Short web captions

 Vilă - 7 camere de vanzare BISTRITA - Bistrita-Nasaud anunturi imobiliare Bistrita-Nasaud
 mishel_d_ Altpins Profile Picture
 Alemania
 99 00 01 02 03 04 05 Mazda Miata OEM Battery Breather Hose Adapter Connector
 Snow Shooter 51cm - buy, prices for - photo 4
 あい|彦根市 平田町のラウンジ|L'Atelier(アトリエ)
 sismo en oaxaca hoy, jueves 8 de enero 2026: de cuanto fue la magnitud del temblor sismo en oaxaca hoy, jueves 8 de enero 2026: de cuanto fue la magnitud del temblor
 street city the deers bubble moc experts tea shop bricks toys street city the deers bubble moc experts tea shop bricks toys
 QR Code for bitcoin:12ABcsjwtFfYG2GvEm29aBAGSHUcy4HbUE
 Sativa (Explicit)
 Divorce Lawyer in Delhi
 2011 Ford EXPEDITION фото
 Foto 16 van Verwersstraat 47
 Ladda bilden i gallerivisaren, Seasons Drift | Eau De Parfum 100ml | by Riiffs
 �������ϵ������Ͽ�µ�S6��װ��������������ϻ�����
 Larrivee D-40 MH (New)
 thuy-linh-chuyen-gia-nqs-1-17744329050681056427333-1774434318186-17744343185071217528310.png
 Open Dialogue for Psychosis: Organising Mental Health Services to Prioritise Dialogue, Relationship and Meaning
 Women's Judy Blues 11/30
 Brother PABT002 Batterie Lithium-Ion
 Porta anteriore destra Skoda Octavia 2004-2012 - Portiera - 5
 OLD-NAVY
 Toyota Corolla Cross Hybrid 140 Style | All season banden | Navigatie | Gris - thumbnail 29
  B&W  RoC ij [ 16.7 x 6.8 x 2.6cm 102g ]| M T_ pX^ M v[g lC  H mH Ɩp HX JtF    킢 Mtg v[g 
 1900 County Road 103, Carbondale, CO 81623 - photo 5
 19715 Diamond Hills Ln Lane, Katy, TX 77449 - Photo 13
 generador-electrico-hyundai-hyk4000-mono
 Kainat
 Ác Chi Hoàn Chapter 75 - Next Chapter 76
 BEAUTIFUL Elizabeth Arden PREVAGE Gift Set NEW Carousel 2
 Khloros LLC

About this exercise ▸
Transcribe exactly, and only, the lines from the opening line of the records through the line containing "2011 Ford EXPEDITION фото".

Result for this exercise ▸
 Vilă - 7 camere de vanzare BISTRITA - Bistrita-Nasaud anunturi imobiliare Bistrita-Nasaud
 mishel_d_ Altpins Profile Picture
 Alemania
 99 00 01 02 03 04 05 Mazda Miata OEM Battery Breather Hose Adapter Connector
 Snow Shooter 51cm - buy, prices for - photo 4
 あい|彦根市 平田町のラウンジ|L'Atelier(アトリエ)
 sismo en oaxaca hoy, jueves 8 de enero 2026: de cuanto fue la magnitud del temblor sismo en oaxaca hoy, jueves 8 de enero 2026: de cuanto fue la magnitud del temblor
 street city the deers bubble moc experts tea shop bricks toys street city the deers bubble moc experts tea shop bricks toys
 QR Code for bitcoin:12ABcsjwtFfYG2GvEm29aBAGSHUcy4HbUE
 Sativa (Explicit)
 Divorce Lawyer in Delhi
 2011 Ford EXPEDITION фото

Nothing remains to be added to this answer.